ECG case #003

By Ahmed Adlan
03 September 2018

You receive a call from the cardiac surgeons about a patient who underwent coronary artery bypass graft surgery a few days before. The patient has a background of moderately impaired left ventricular systolic dysfunction and right bundle branch block. Electrolytes were normal and the patient was not taking any rate limiting drugs. The patient was noted to have a bradycardic episode but was asymptomatic at the time. Heart rate dropped to below 50 beats per minute for less than 20 seconds. Figure 1 shows the cardiac monitor during the bradycardia. The surgical team are concerned about heart block and would like to consider temporary pacing.

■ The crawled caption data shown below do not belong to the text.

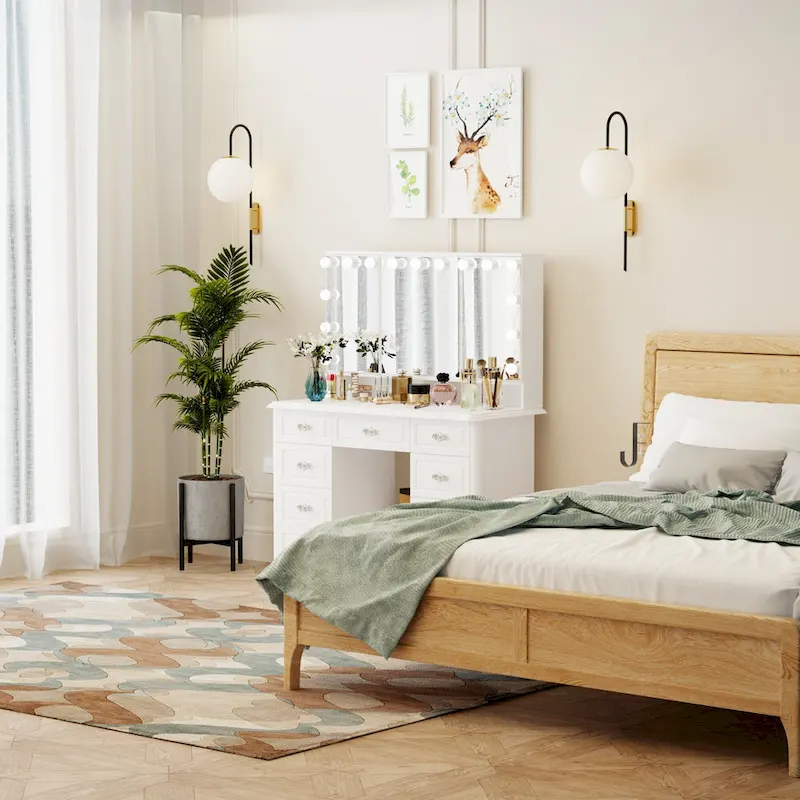 Makeup Vanity with Tri-Fold Mirror, White, Adjustable LED Lighting, Seats 1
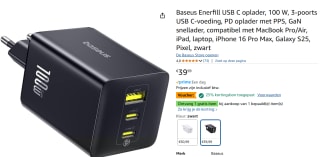 Baseus Enerfill 100W 3-poorts oplader + 100w kabel met display voor €29,99 bij Amazon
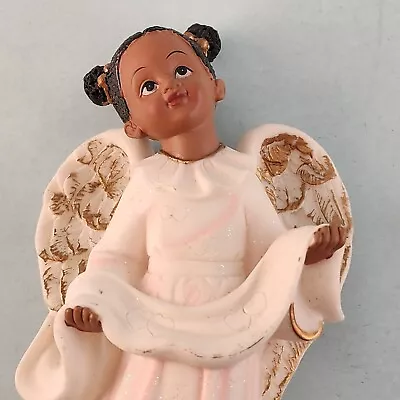 Little Girl Resin Angel With Wings Figurine African American Vintage 7 H • $12.95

Figure 1. Cardiac monitor during bradycardia with heart rate less than 50 beats per minute.


Question 1. What is the rhythm?

Question 2. What is the management?



Learning points

The ECG rhythm strip demonstrates sinus bradycardia followed by a sinus pause and junctional escape beats (Figure 2). This is indicative of sinus node dysfunction. There is no evidence of atrioventricular (AV) block. In the absence of high grade AV block and symptoms (dizziness, syncope etc.), and given the short duration (pause is less than 3 seconds) there is no clear indication for pacing (temporary or permanent) (1). The patient (and cardiac team) were reassured and the patient remained on the monitor without further events.

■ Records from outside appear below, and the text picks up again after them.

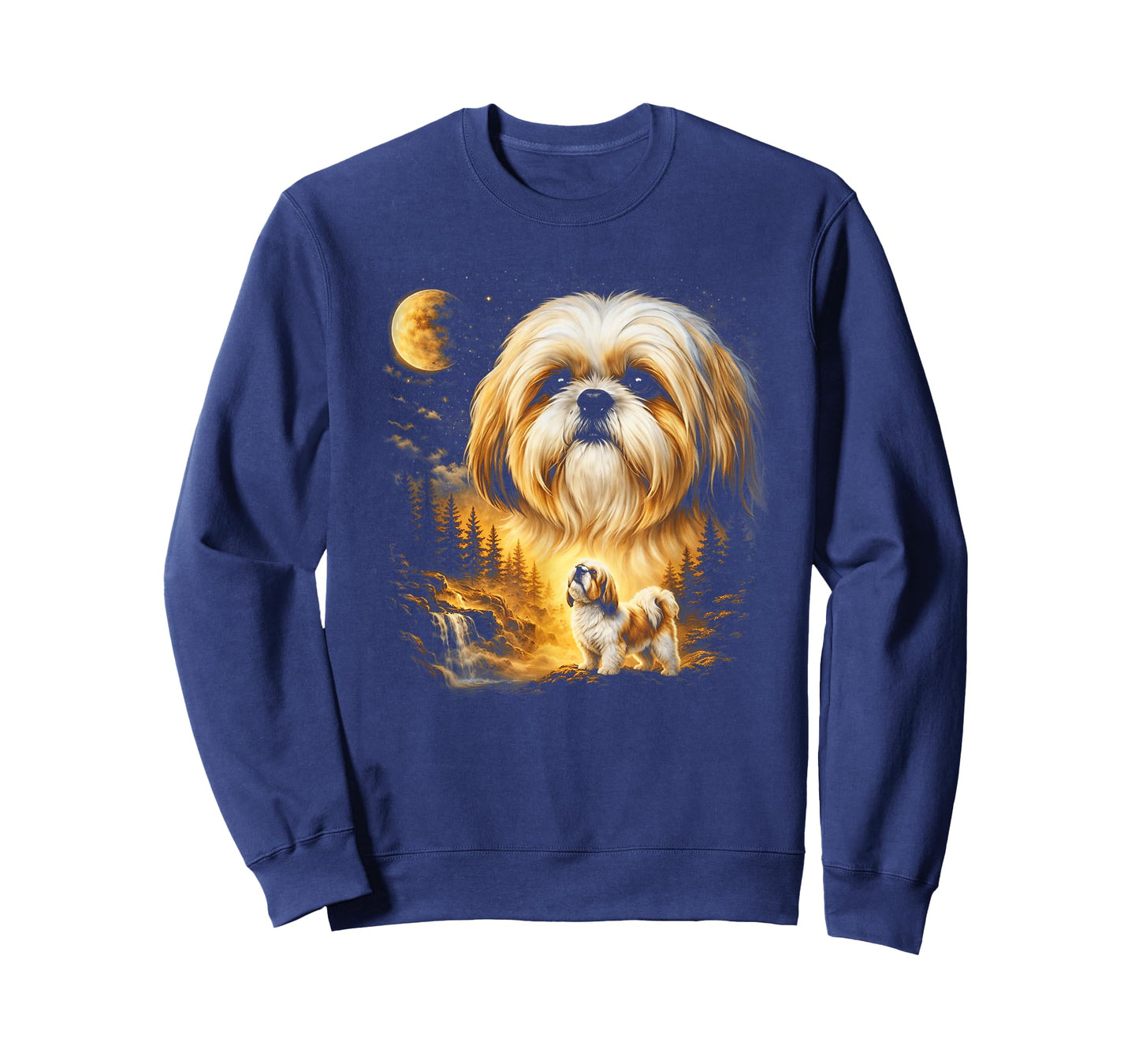 Shih Tzu Howling to The Moon Vintage 90s Funny Dog Graphic T-Shirt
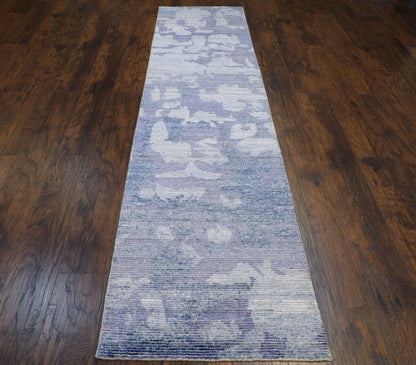 Modern Silky Abstract 2'6"x10'0" Hand-knotted Rug -w577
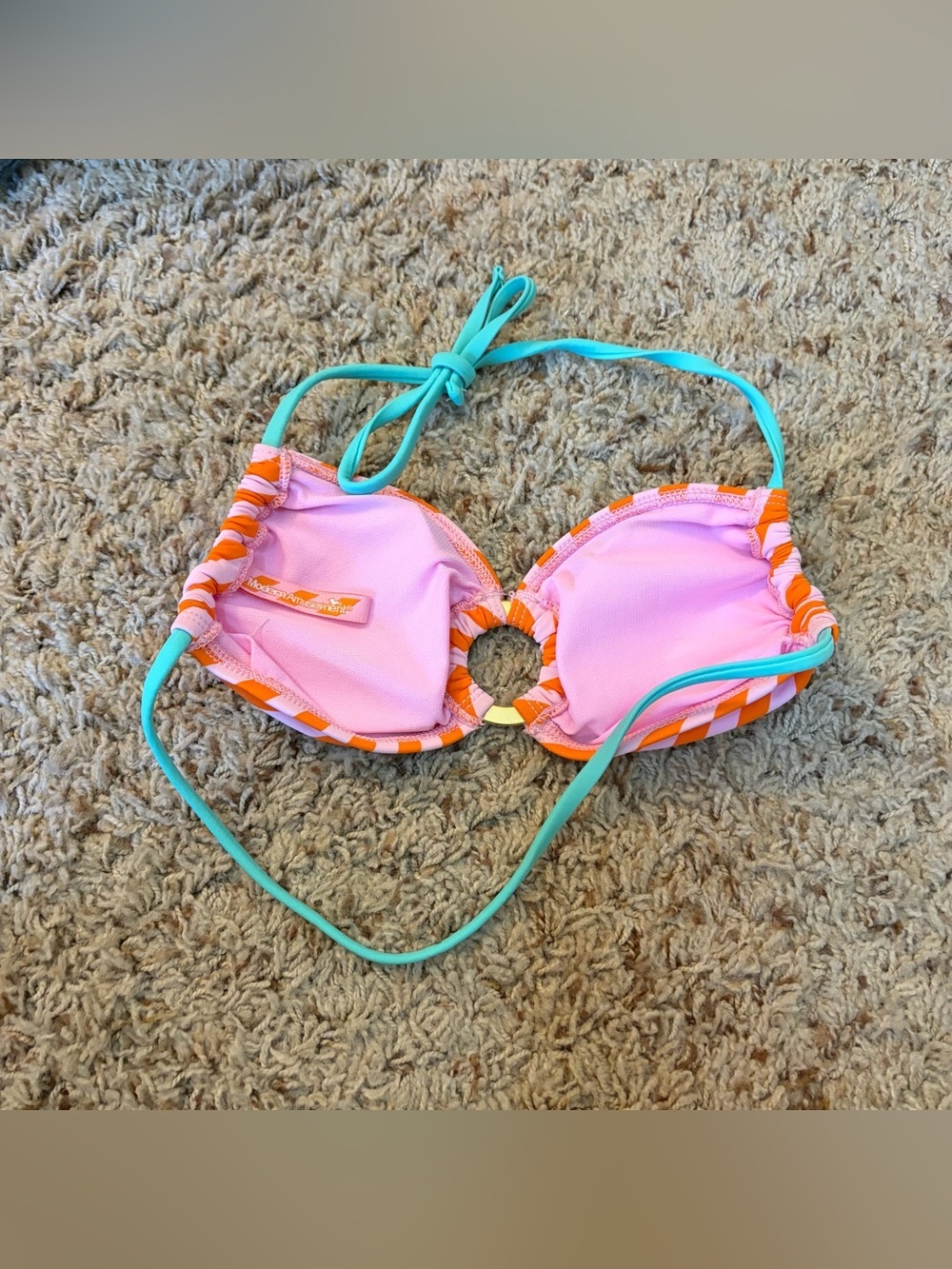 Modern Amusement Pink and Orange Bikini Top Small - Picture 2 of 5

Figure 2. There are two sinus beats (arrows) followed by a brief sinus pause and a junctional escape beat (star) and a further sinus beat. In the second line there are two junctional escape beats followed by two sinus beats. The junctional beat is characterised by similar QRS morphology to the sinus beat (right bundle branch block) with evidence of a retrograde p wave (circle) seen within the QRS.

References

1. 2013 ESC guidelines on cardiac pacing and cardiac resynchronization therapy. Eur Heart J 2013; 34: 2281-2329.